Дух вертикальный свет.
Сын горизонтальная кровь.
В перекрестье прицела Церковь.
 
В этой точке кипит, пузырится земля.
Пузыри растут и растут,

никак не лопаются.

Таинственное единство нераздельности и неслиянности ожидает читателя и во втором тексте номера – большом начальном фрагменте романа Даши Матвеенко «Чужая юность». В нём переплетаются, переходя друг в друга почти незаметно, без чётко маркированных границ, две истории, сменяя одна другую то через большие, а то и огромные (во много страниц!), периоды, а то и через абзац. Из той части романа, что помещена здесь, нам ещё не понять, как они связаны друг с другом, надо дожидаться августовского номера, а пока происходящее таинственно, и остаётся лишь не сомневаться, что связаны (кстати: есть места, в которых одна история просвечивает сквозь другую, прямо-таки прорывается в неё). Пока же их объединяет только то, что обе происходят в Москве и героини обеих – девушки лет, думается, двадцати. При этом одна история относится к XIX веку, очевидным образом в первой его половине, на что указывает уже первое предложение романа: в нём у «лютеранской кирхи у Ивановской горки», то есть у собора Святых Петра и Павла в тогдашнем Космодамианском, нынешнем Старосадском переулке, ещё «плоский купол», которого здание, как известно, лишилось в результате реконструкции, завершившейся в 1862 году; а вот и нижняя граница происходящего: не ранее 1837 года, когда в соборе состоялся первый органный концерт. На одном из таких концертов мы впервые видим героиню этой истории, Надю Сперанскую («нет, не из тех»).
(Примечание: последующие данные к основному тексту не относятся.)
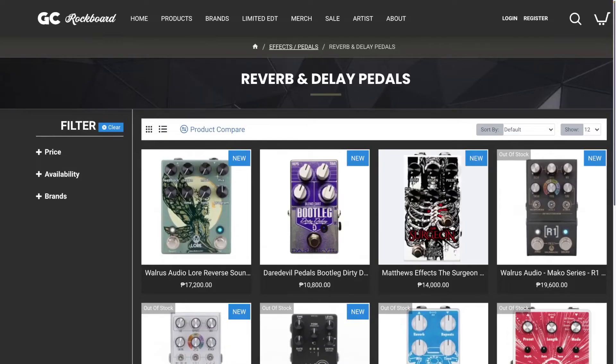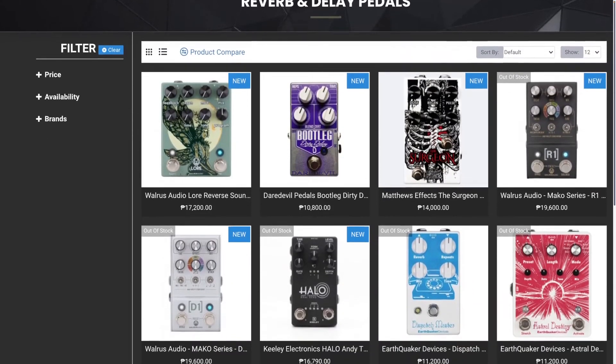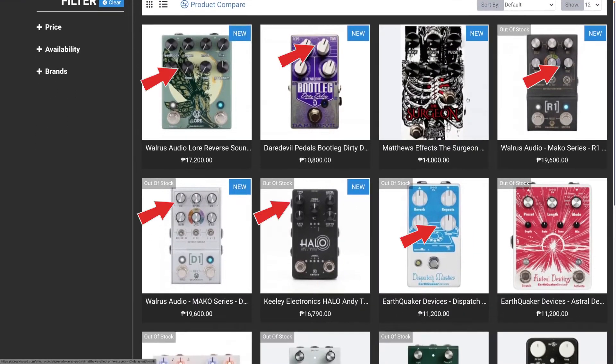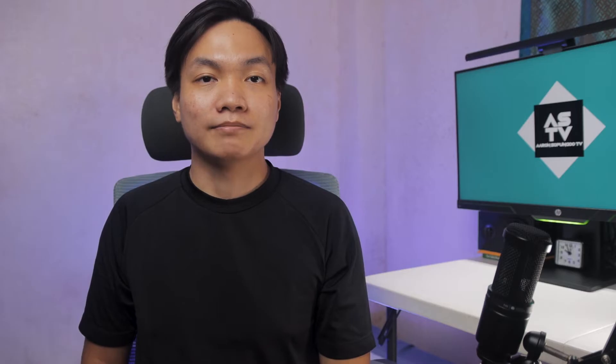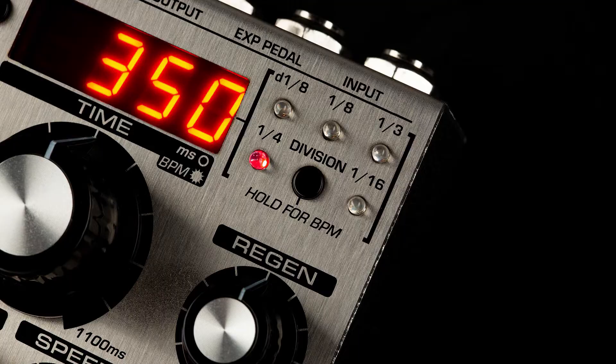Delay pedals are time-based effects, which means the math of time is already involved from the start. In fact, it is common for a delay pedal to have a time knob. This controls the time it takes for the delay repeats to kick in after you play a note. In delay pedals with digital displays, you would commonly see MS, or milliseconds.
И ещё относительно молод, но уже известен в литературной среде, опытен, несколько устал и женат играющий на этом концерте собственное сочинение князь Владимир Фёдорович Одоевский, в которого влюблена героиня. (Одна точная дата в глубине повествования всё-таки мелькнёт: 1843 год.)

Вторая линия (некоторая маркировка у неё есть, внимательный читатель заметит и сразу будет понимать, в каком из времён он находится в данный момент чтения) развивается в условные «наши дни», – совсем чёткой датировки нет, но вычислить легко (помните, в каком году книжная ярмарка на Красной площади проходила в экстремально холодном июне?), и приметами печальных наших дней эта линия набита до отказа, и имени героини этой линии мы (пока?) не узнаем, и в её жизни есть некоторый «он», также безымянный. Пока в обеих своих линиях повествование убедительно кажется (притворяется?) добротной реалистической прозой, но прорывы двух параллельных времён друг в друга, внезапные просверки то из будущего в прошлое, то наоборот (а то и князь Одоевский невзначай процитирует Заболоцкого, а Наденька вдруг – Георгия Иванова) заставляют подозревать, что неспроста автор так подмигивает читателю, за этим наверняка кроется что-нибудь неожиданное. Реинкарнация? путешествия во времени?.. – ждём продолжения с нетерпением.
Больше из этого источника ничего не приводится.